Chinese Government Targets Single Mothers
The central Chinese city of Wuhan has sparked controversy worldwide with the publication of a draft ordinance proposing to fine women who have children out of wedlock up to six times the average annual disposable income.
The legislation is intended to support China’s long standing family planning policy which limits each couple to one child and its stated aim to keep the cities birthrate low. However, it is feared that fining single mothers would only increase the already astronomic number of abortions and of cases of child abandonment.
China’s Health Ministry estimates that in the four decades since the imposition of the one child policy more than 336 million abortions have taken place.  Numerous human rights groups and news accounts have demonstrated that many of these abortions are forced or coerced.

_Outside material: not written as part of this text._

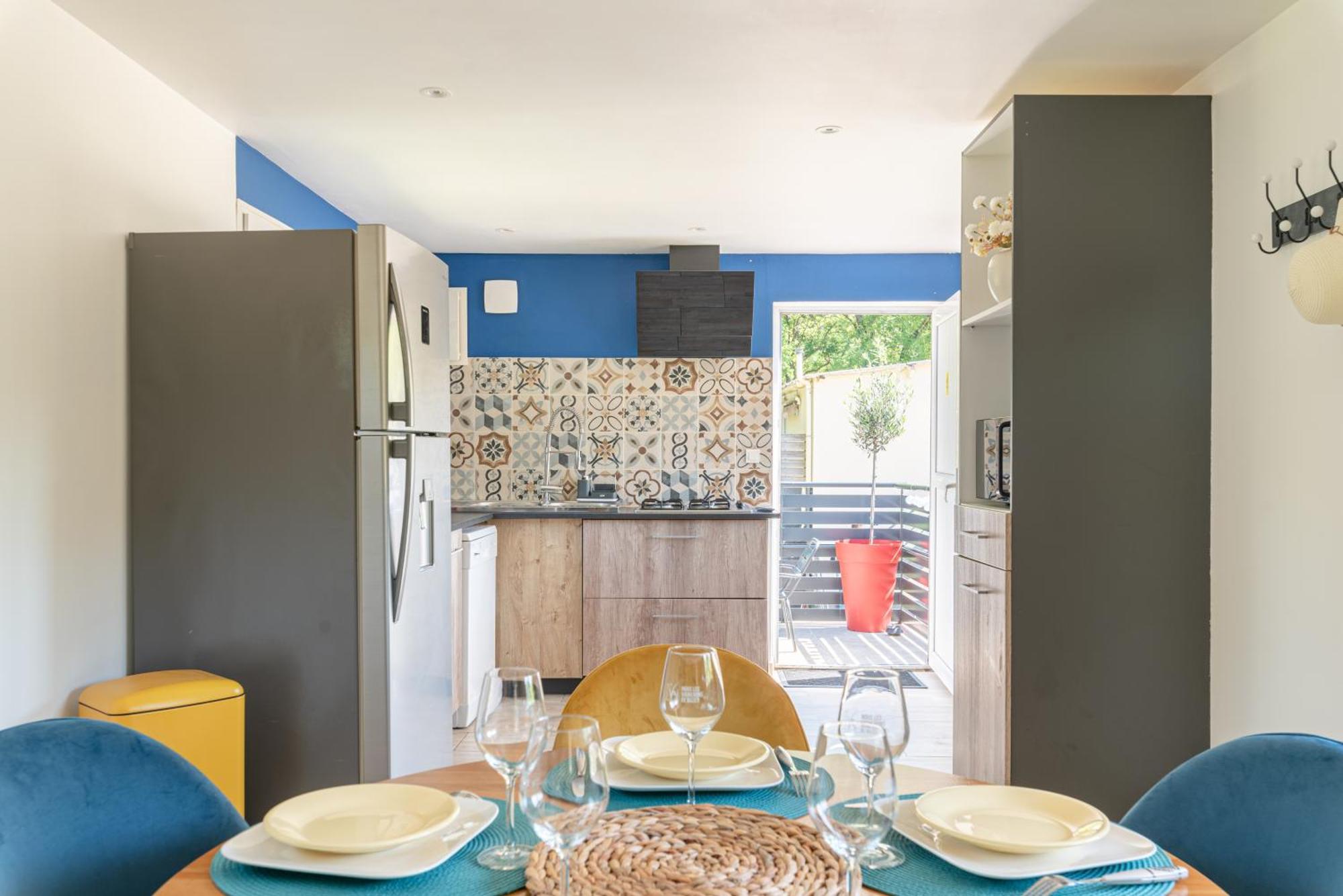 Apartment La Baule Terrasse - Cuisine - Calme - Wifi - Parking Gratuit *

The proposed ordinance states that an unmarried women who “cannot provide appropriate licenses from her partner”, or who “knowingly bears the child of someone with another spouse” must pay a “social compensation fee” consistent with provincial family planning laws.  Social compensation fees are often imposed on families who break the country’s strict one child policy and are usually far more than the average family can afford.
Single mothers have long been stigmatized in Chinese society and illegitimacy is seen as a disgrace to both the mother and the child. The Chinese government already places a consideration burden on unwed mothers by denying them maternity benefits.
“If the policy is approved, there could be more `sewer babies,’ because when mothers can’t afford the cost, they might think about throwing their babies away,” said Chen Yaya, a researcher at the Shanghai Academy of Social Sciences.
Zhai Zhenwu, director of Renmin University’s School of Sociology and Population Studies, has stated that this proposed ordinance is not unusual in China and that having children outside of marriage is not protected by law. “Imposing fines on the unmarried who have children is, in fact, a common practice that has been carried out in China for a long time.”
This weekend President Barack Obama is set to meet with Chinese President Xi Jinping. The meeting is expected to focus on cyber security (especially in light of recent cyber attacks against the US), North Korea, and the global economy. While all of these issues are important- considering China’s shocking record of human rights abuse, it is essential that this summit and, for that matter, every summit with the Chinese government also address human rights. In addition to its draconian population control policy which has resulted in forced abortion, gendercide, and, now, this persecution of unwed mothers; China also flagrantly violates its citizens’ right to freedom of the press, religion, association, and expression.
The State Department and President Obama must make it clear that the U.S. finds these abusive policies to be violations of the intrinsic dignity of every human person. A friendly relationship between our two countries must be contingent upon improvement in China’s treatment towards all its people- wed or unwed.